Hi all, I am currently typing away, connected to the forum using a MiFi, with an Ariel on the roof using 3 sim in Spain. I checked the sim had roaming switched on at the 3 shop before I left. I had to activate roaming on the device but this was very straightforward using the instructions. You could work it out by simply scrolling through the menus and checking a box. The mifi does not help get free wifi. The Ariel I have was over £200 and is fitted to the roof.'I have always had a good signal but I think mobile coverage in Spain is pretty good anyway. As said already I the trick is to keep your usage moderate.


----------



## Biggarmac (Jan 16, 2017)

Went in to the 3 shop today.  They rang their customer service and got the roaming put on the 24gb sim.  They then had to go through to their technical people to change the settings on the Huawei unit.  This did not go smoothly as the guy in the shop had to try two ipads before he could get the settings changed successfully.  I also spoke to them about their 1 month rolling plans. They have sims from £18 a month which give you phone and data.  The cheapest you can use abroad has "all you can eat" minutes and 1gb data or 600 minutes and 4gb data.  They can be cancelled at a months notice.  They are liable to be cut off after two months abroad, but not necessarily! I did not feel that the staff in the shop were really clued up on using their products abroad and this was in the main store in Edinburgh.


----------



## Skar (Jan 16, 2017)

***** said:


> I purchased two three data sims, put them straight into my unlocked Mi Fi Huawei and they worked with roaming straight away!
> Maybe I was lucky! or could it depend on which MI Fi thing



Exactly this, always works straight out of the box for me even if I first install it in Europe. Aways cut off after two months overseas use too.
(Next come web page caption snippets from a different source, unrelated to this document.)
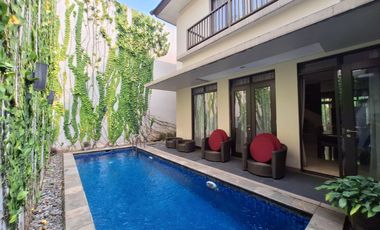 Lebak bulus serenia hills rumah private swimpool cantik siap huni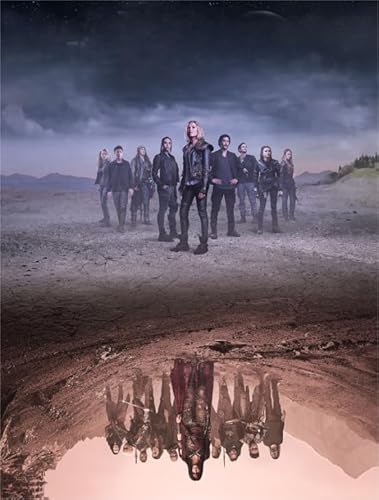 1000-teiliges Puzzle „The 100 Actionfilmposter“ für die Familie, Stressabbau, Lernspielzeug, Gt220Zw, 70 x 50 cm von FPTZL
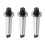 3X 2Mt Shank to 1/2 Inch -20 Threaded Drill Chuck Arbor Hardened Morse Taper Mt2 Adapter 1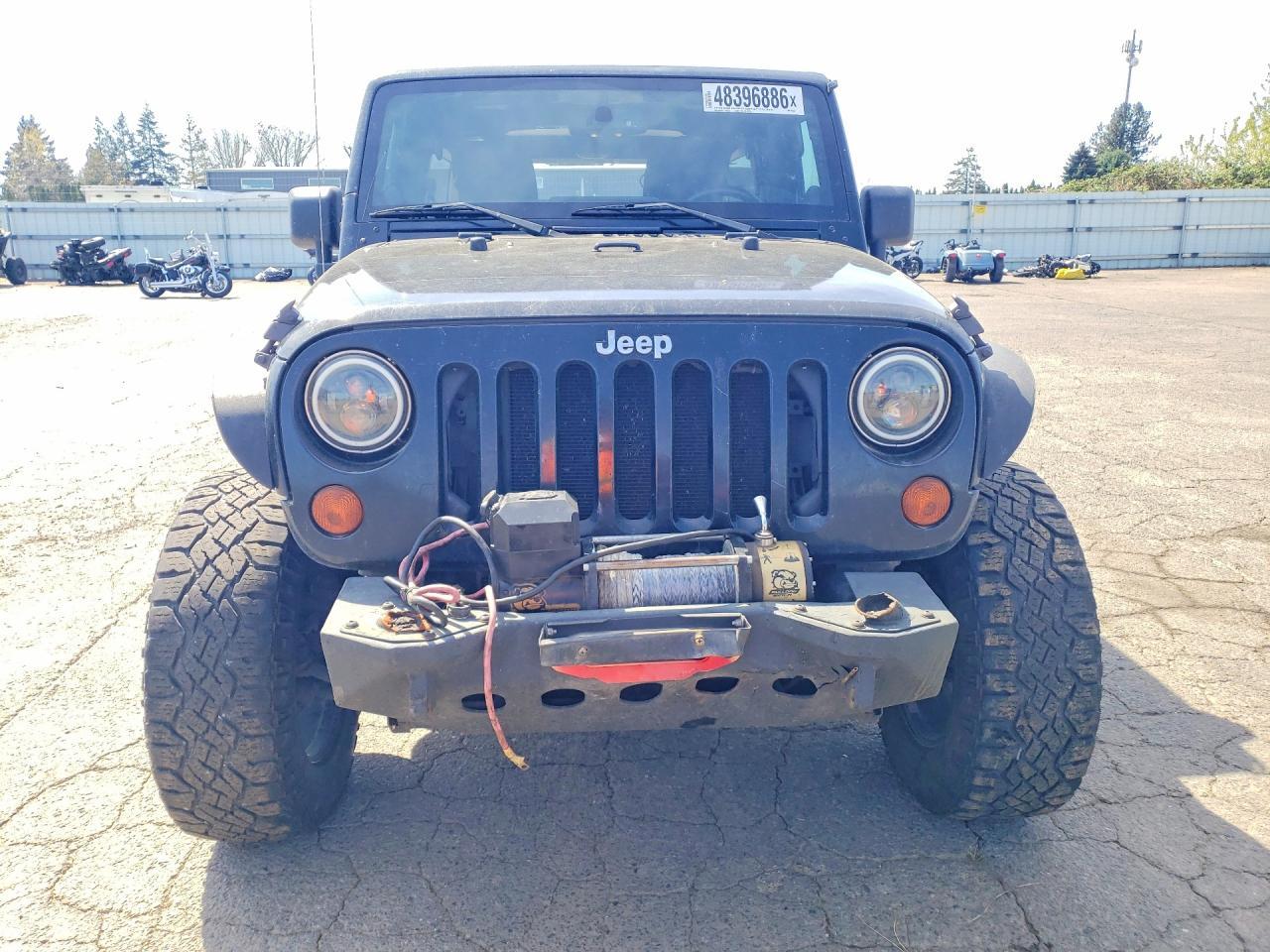 2013 Jeep Wrangler Unlimited Sport - Фото 5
I take two or three sims with me and then use the balance of any unused data in the UK when I get back.


----------



## silverweed (Jan 16, 2017)

Does the 24 months on those sims start when they are put into the sim or is the time limit activated as soon as they are purchased


----------



## REC (Jan 17, 2017)

Thanks for that...my only issue was whether the sim I have is actually part of the "feel at home package"...almost impossible to find out the terms and conditions for the "data with legs" package! But it seems that the general terms apply to any pay as you go sim cards. Amazon do not seem to be doing the sim I bought now.... only 12gb over 12months. 
So to clarify their T&C state;
Cannot be used exclusively abroad for more than two months in every 12months (but will be ok after in UK) 
Cannot use more than 12GB a month for more than 2 months
I rang Three and they advise that "they have the right to restrict use" but "may not" if I am not using a lot of data. So she suggested that actually if I only use 1-2Gb month there should be no problem even if I am away for longer than 2 months.

Its all down to the Three Computer which analyses the data used by each sim!! 

:lol-053:


----------